### Goal of the exercise
Images stay out; everything else in the records is to be set down exactly.

### Data to use
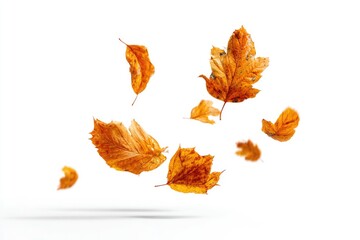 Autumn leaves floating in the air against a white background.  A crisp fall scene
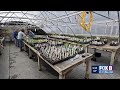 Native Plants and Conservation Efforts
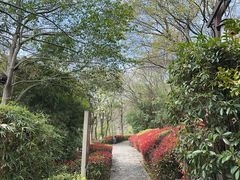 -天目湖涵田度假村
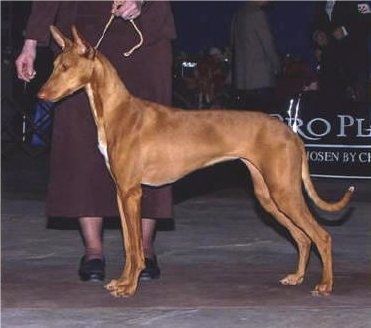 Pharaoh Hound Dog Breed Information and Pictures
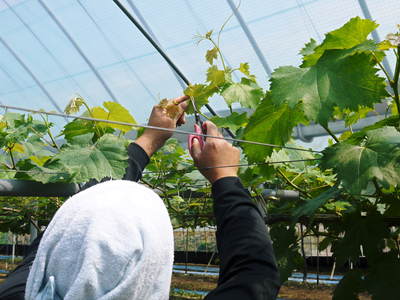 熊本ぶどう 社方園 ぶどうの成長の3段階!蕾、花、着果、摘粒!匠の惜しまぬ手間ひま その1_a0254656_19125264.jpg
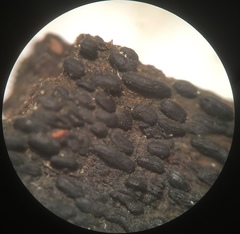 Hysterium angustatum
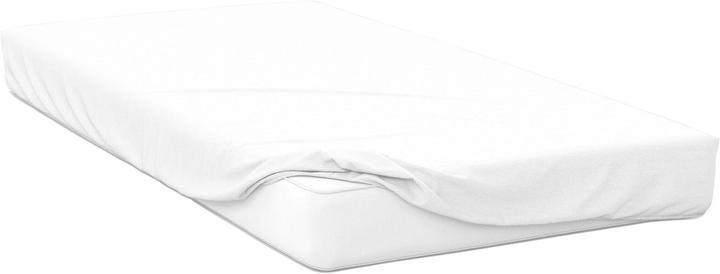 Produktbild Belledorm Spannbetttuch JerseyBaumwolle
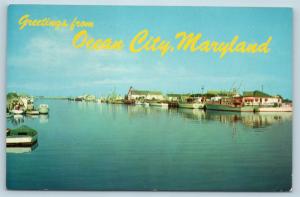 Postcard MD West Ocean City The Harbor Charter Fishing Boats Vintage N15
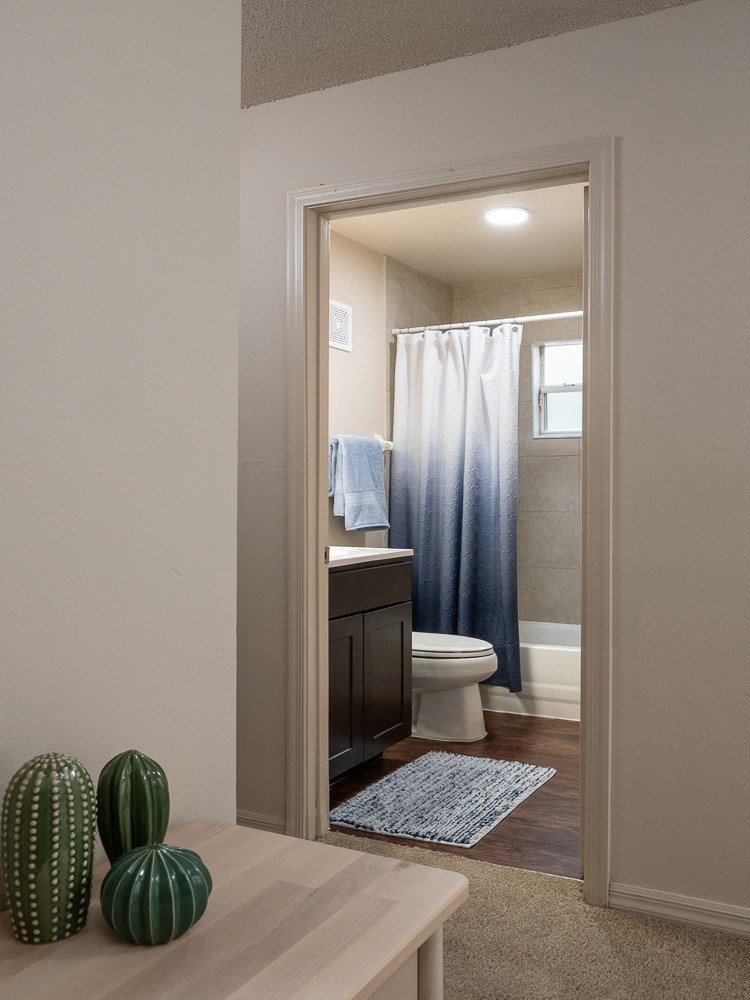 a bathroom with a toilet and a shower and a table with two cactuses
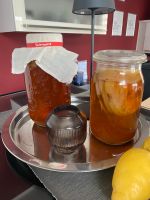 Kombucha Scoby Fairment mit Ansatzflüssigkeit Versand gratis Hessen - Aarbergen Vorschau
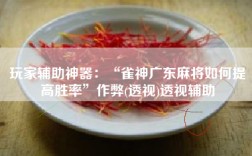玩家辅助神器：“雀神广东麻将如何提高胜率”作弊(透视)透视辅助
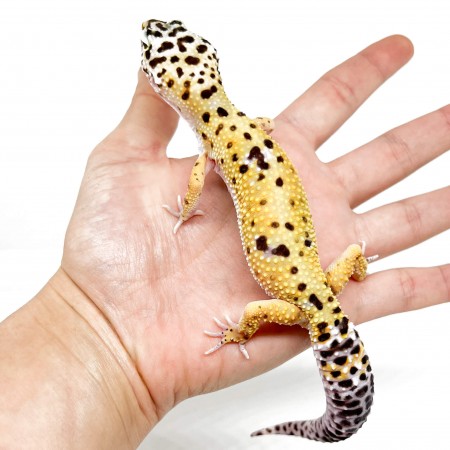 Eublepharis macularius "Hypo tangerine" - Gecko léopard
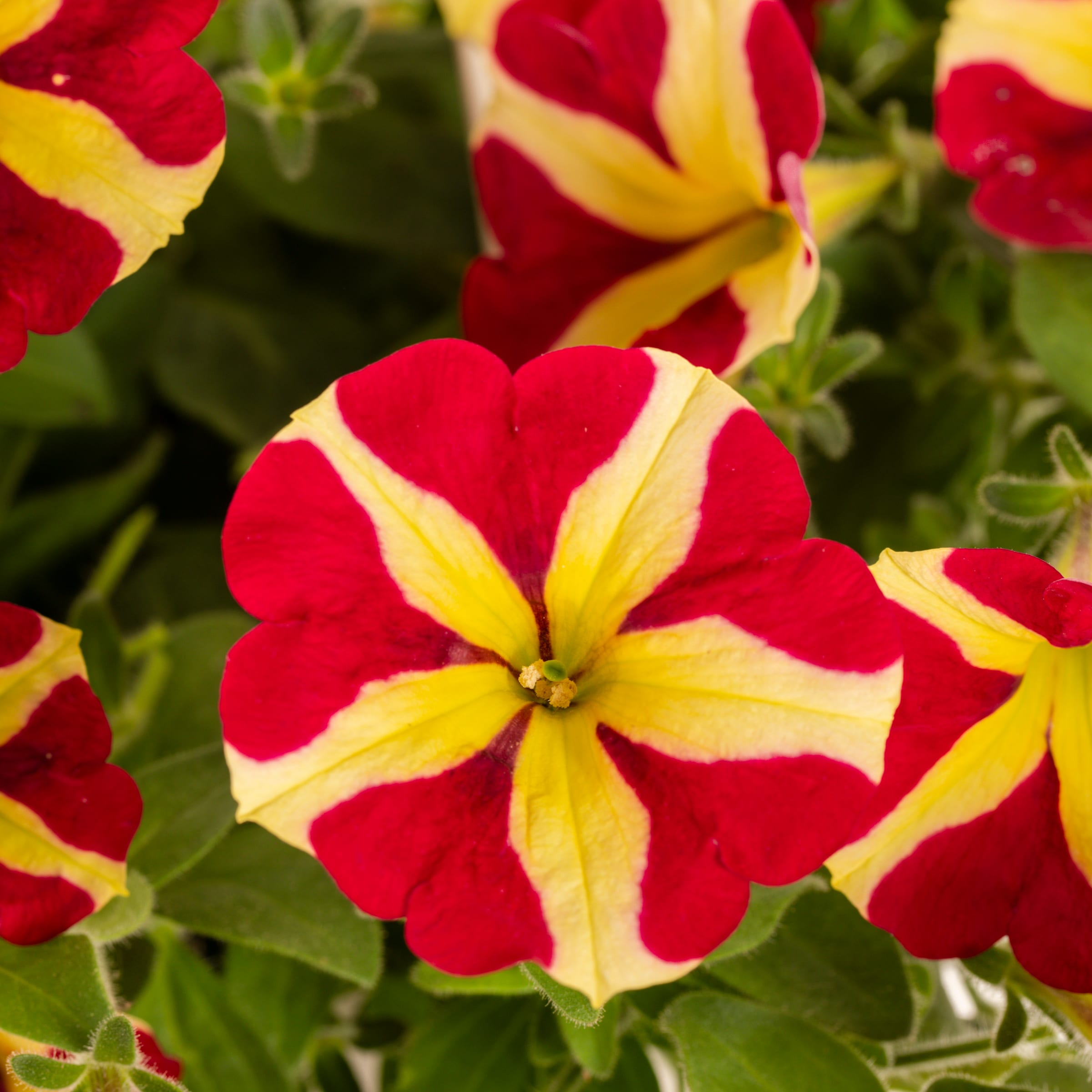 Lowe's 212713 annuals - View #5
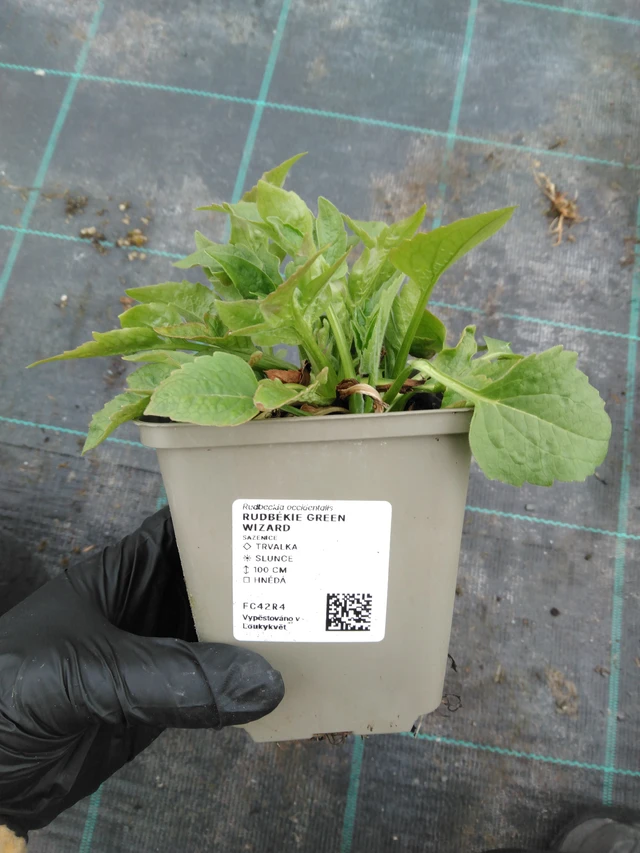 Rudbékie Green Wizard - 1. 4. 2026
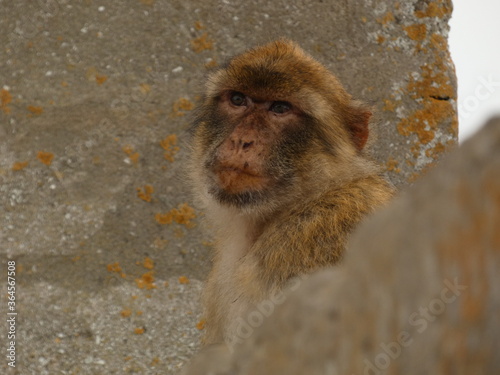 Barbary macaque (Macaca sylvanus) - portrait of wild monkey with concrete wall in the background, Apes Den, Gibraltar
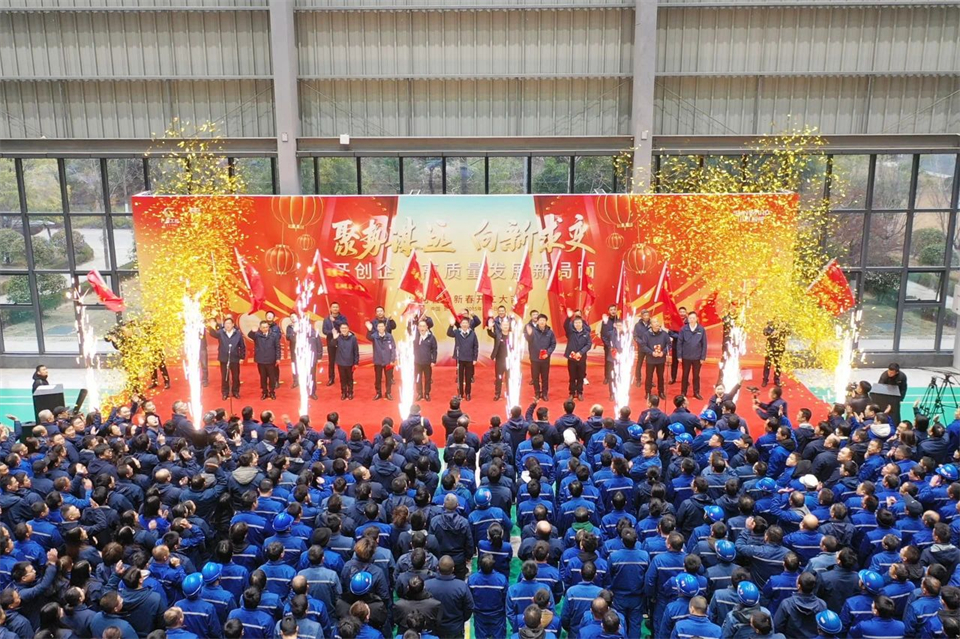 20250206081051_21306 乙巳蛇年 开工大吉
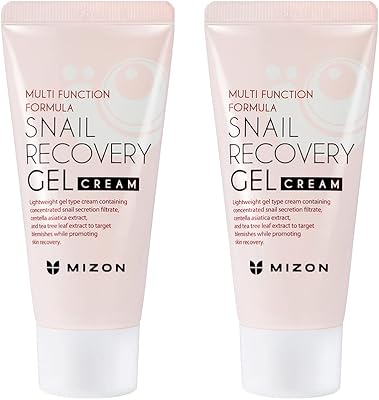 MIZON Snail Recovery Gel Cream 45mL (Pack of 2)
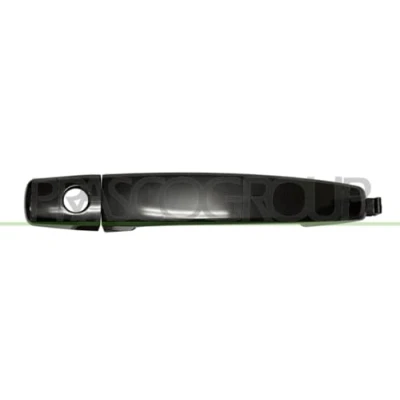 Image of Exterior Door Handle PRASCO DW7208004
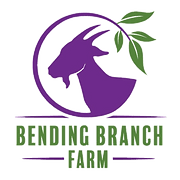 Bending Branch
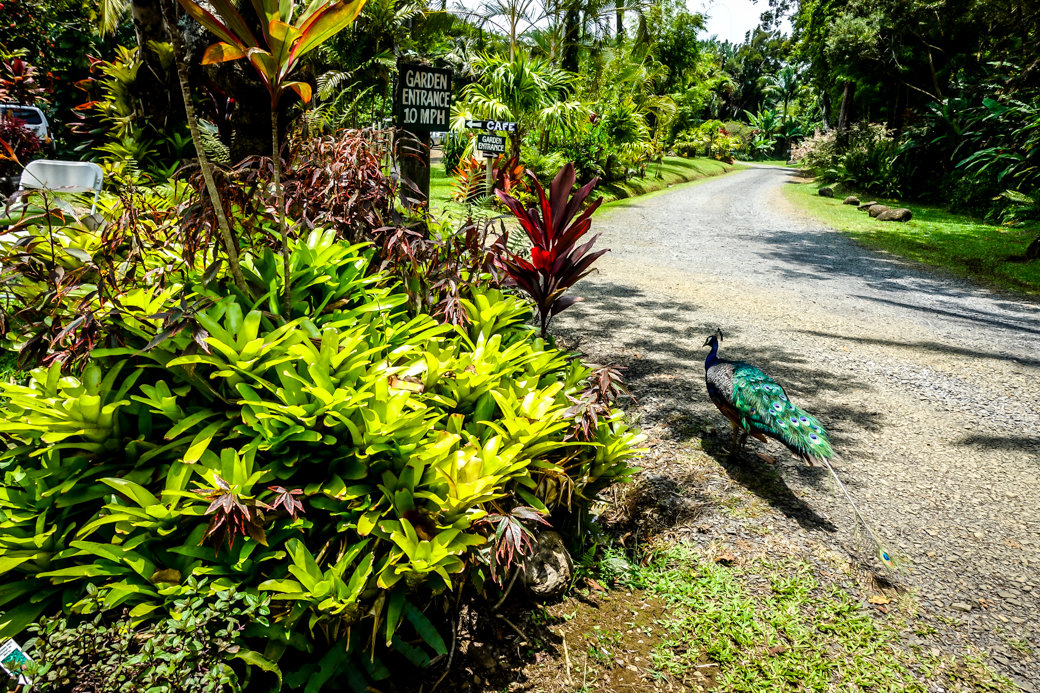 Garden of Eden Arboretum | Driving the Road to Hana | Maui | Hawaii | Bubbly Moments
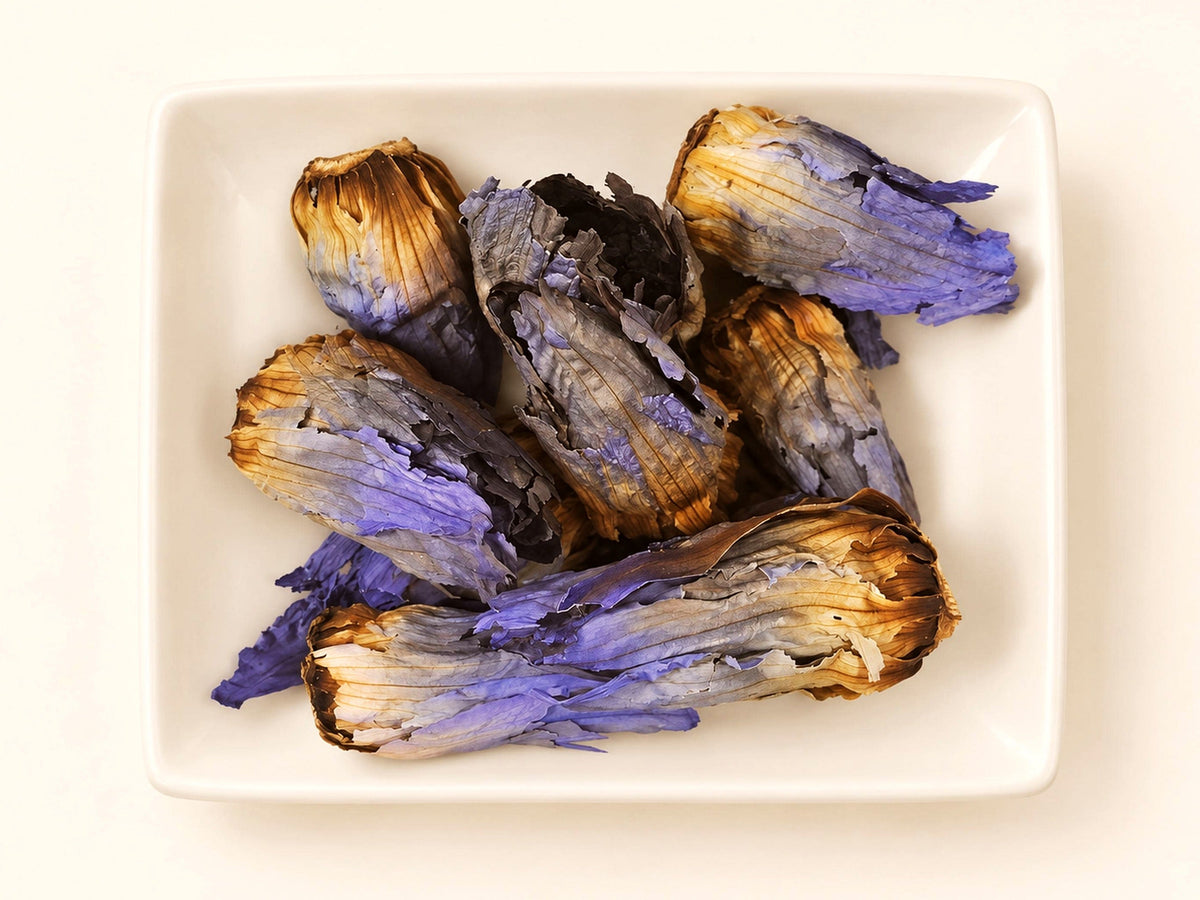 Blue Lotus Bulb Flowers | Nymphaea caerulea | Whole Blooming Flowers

### Result of this exercise
 Autumn leaves floating in the air against a white background.  A crisp fall scene
 Native Plants and Conservation Efforts
 -天目湖涵田度假村
 Pharaoh Hound Dog Breed Information and Pictures
 熊本ぶどう 社方園 ぶどうの成長の3段階!蕾、花、着果、摘粒!匠の惜しまぬ手間ひま その1_a0254656_19125264.jpg
 Hysterium angustatum
 Produktbild Belledorm Spannbetttuch JerseyBaumwolle
 Postcard MD West Ocean City The Harbor Charter Fishing Boats Vintage N15
 a bathroom with a toilet and a shower and a table with two cactuses
 Kombucha Scoby Fairment mit Ansatzflüssigkeit Versand gratis Hessen - Aarbergen Vorschau
玩家辅助神器：“雀神广东麻将如何提高胜率”作弊(透视)透视辅助
 Eublepharis macularius "Hypo tangerine" - Gecko léopard
 Lowe's 212713 annuals - View #5
 Rudbékie Green Wizard - 1. 4. 2026
 Barbary macaque (Macaca sylvanus) - portrait of wild monkey with concrete wall in the background, Apes Den, Gibraltar
 20250206081051_21306 乙巳蛇年 开工大吉
 MIZON Snail Recovery Gel Cream 45mL (Pack of 2)
 Image of Exterior Door Handle PRASCO DW7208004
 Bending Branch
 Garden of Eden Arboretum | Driving the Road to Hana | Maui | Hawaii | Bubbly Moments
 Blue Lotus Bulb Flowers | Nymphaea caerulea | Whole Blooming Flowers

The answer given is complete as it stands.